■ Exercise objective: Please give back, word for word, each line from the start of the entries through the one in which "Black Leather Embossed" is found.

■ Provided records:
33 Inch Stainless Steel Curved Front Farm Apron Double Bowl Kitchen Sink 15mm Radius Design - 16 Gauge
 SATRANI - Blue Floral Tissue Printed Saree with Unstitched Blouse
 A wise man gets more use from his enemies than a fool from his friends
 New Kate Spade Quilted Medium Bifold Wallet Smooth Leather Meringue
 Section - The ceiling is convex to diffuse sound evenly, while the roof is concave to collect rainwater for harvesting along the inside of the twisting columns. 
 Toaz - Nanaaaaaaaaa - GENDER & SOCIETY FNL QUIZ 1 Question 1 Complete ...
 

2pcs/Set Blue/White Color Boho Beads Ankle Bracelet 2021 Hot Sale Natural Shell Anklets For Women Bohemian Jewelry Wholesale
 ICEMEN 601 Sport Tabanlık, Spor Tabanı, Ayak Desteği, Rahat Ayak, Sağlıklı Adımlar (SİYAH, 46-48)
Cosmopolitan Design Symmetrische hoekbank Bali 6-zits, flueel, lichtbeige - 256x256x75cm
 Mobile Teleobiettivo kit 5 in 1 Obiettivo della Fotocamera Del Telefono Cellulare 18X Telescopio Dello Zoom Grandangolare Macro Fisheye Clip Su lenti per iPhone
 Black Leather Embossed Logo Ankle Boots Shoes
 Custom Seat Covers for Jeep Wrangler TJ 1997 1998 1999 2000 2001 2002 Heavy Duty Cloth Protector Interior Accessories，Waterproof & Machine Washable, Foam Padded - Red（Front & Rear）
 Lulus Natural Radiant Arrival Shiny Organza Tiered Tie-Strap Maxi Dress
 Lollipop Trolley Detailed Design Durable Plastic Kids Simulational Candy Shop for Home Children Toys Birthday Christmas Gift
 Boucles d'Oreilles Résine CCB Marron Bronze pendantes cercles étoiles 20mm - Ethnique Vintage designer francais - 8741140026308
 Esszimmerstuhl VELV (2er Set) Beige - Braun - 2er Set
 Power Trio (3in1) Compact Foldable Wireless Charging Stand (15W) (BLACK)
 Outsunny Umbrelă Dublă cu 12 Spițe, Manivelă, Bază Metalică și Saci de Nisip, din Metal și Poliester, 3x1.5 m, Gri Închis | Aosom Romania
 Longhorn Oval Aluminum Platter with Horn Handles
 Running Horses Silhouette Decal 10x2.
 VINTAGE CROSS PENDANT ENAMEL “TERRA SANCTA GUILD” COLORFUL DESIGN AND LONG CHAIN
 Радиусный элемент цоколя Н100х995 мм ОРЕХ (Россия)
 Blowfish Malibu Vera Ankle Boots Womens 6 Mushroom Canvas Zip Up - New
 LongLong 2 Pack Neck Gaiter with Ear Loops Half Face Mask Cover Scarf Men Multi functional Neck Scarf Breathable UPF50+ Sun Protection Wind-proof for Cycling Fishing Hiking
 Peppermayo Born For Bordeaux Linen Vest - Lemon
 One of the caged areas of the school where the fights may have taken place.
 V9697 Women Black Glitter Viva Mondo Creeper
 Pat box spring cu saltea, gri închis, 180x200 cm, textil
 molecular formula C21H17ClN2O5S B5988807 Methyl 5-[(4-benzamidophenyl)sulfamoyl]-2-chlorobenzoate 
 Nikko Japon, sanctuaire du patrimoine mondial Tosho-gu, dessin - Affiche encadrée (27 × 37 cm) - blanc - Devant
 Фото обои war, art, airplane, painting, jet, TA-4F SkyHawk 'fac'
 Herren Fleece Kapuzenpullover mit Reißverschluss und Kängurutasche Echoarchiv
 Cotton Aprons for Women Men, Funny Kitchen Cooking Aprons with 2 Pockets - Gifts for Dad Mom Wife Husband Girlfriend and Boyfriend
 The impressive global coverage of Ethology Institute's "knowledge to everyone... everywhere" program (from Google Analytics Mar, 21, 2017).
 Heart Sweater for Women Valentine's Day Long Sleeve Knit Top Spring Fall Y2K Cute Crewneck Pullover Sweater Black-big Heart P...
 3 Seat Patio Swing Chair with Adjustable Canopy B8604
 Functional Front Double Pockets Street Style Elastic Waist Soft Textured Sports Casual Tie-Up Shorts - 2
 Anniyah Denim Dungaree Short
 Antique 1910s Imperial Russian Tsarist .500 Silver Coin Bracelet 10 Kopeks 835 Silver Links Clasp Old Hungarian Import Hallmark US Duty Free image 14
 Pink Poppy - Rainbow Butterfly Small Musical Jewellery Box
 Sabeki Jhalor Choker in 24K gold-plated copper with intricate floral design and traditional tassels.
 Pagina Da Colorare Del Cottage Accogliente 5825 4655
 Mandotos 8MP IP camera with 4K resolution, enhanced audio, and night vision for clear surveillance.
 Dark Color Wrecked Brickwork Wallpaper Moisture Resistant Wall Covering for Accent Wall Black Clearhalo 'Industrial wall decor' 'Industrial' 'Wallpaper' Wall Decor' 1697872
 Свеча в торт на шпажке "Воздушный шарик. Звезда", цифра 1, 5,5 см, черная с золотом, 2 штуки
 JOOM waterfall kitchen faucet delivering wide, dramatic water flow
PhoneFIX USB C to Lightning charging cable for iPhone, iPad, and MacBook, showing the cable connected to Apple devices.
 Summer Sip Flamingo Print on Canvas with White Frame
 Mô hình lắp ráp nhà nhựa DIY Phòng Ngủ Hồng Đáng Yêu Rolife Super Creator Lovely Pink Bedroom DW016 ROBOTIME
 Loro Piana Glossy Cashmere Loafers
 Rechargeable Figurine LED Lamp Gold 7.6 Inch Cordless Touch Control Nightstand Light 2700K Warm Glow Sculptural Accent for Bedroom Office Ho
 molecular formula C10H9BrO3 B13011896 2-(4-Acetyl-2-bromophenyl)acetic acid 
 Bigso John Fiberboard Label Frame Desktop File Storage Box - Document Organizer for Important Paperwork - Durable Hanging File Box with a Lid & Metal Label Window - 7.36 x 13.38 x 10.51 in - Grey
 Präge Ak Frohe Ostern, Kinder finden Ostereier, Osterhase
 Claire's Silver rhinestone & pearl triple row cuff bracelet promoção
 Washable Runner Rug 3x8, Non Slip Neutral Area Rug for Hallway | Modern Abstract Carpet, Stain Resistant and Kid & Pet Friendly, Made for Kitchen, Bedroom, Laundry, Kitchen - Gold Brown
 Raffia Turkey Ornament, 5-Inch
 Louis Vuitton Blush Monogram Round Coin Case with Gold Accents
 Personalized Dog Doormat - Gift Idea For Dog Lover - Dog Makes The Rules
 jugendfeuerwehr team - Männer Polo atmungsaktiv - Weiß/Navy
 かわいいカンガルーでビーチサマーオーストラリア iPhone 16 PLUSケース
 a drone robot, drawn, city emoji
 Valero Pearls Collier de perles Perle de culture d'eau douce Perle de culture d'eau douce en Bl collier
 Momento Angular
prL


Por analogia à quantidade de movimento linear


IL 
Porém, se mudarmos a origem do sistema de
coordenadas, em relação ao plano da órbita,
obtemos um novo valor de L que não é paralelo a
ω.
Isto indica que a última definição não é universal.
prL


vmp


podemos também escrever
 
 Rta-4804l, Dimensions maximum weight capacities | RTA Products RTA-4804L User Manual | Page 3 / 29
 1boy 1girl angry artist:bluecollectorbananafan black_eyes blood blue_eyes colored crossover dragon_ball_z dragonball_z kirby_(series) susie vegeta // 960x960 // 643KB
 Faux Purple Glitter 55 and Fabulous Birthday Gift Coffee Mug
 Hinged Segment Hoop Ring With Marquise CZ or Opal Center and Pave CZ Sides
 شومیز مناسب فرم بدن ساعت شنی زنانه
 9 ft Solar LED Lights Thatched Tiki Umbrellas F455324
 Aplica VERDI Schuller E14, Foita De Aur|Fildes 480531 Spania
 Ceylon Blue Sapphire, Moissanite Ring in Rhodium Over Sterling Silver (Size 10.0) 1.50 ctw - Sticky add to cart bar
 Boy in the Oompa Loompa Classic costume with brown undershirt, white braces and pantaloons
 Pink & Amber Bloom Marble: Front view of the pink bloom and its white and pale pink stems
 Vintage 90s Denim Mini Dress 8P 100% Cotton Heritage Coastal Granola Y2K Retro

■ Task result:
33 Inch Stainless Steel Curved Front Farm Apron Double Bowl Kitchen Sink 15mm Radius Design - 16 Gauge
 SATRANI - Blue Floral Tissue Printed Saree with Unstitched Blouse
 A wise man gets more use from his enemies than a fool from his friends
 New Kate Spade Quilted Medium Bifold Wallet Smooth Leather Meringue
 Section - The ceiling is convex to diffuse sound evenly, while the roof is concave to collect rainwater for harvesting along the inside of the twisting columns. 
 Toaz - Nanaaaaaaaaa - GENDER & SOCIETY FNL QUIZ 1 Question 1 Complete ...
 

2pcs/Set Blue/White Color Boho Beads Ankle Bracelet 2021 Hot Sale Natural Shell Anklets For Women Bohemian Jewelry Wholesale
 ICEMEN 601 Sport Tabanlık, Spor Tabanı, Ayak Desteği, Rahat Ayak, Sağlıklı Adımlar (SİYAH, 46-48)
Cosmopolitan Design Symmetrische hoekbank Bali 6-zits, flueel, lichtbeige - 256x256x75cm
 Mobile Teleobiettivo kit 5 in 1 Obiettivo della Fotocamera Del Telefono Cellulare 18X Telescopio Dello Zoom Grandangolare Macro Fisheye Clip Su lenti per iPhone
 Black Leather Embossed Logo Ankle Boots Shoes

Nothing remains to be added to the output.